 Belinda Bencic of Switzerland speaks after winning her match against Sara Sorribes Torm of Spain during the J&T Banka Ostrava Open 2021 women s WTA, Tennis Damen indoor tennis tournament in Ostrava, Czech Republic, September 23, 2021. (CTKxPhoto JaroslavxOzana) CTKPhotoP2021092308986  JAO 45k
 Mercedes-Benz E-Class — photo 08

---

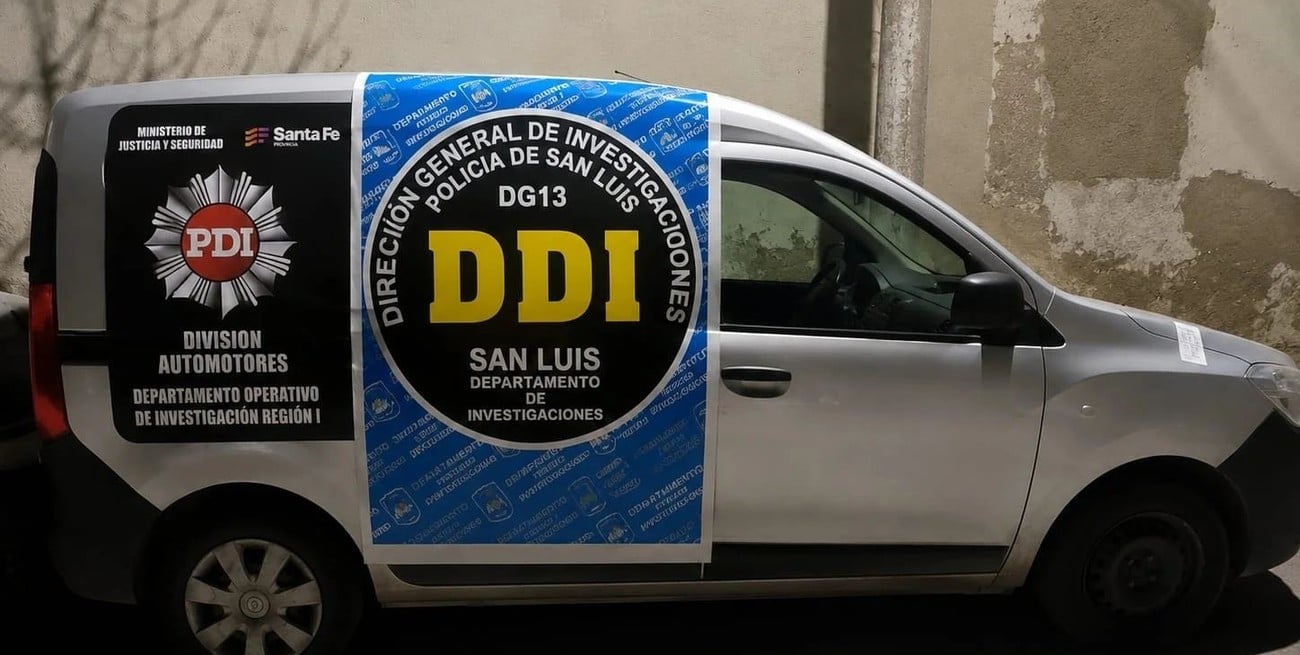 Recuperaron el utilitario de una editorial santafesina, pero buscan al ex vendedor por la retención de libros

==

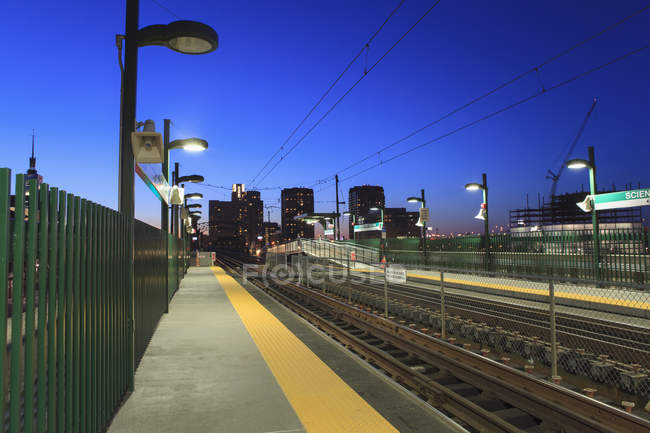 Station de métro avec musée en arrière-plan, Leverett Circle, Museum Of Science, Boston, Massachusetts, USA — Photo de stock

__WHAT TO PRODUCE__:
Exact duplication is required for the lines above, from the line that contains "Belinda Bencic of" to the line that contains "Mercedes-Benz E-Class — photo 08", inclusive; omit all others.

__COMPLETED TASK__:
 Belinda Bencic of Switzerland speaks after winning her match against Sara Sorribes Torm of Spain during the J&T Banka Ostrava Open 2021 women s WTA, Tennis Damen indoor tennis tournament in Ostrava, Czech Republic, September 23, 2021. (CTKxPhoto JaroslavxOzana) CTKPhotoP2021092308986  JAO 45k
 Mercedes-Benz E-Class — photo 08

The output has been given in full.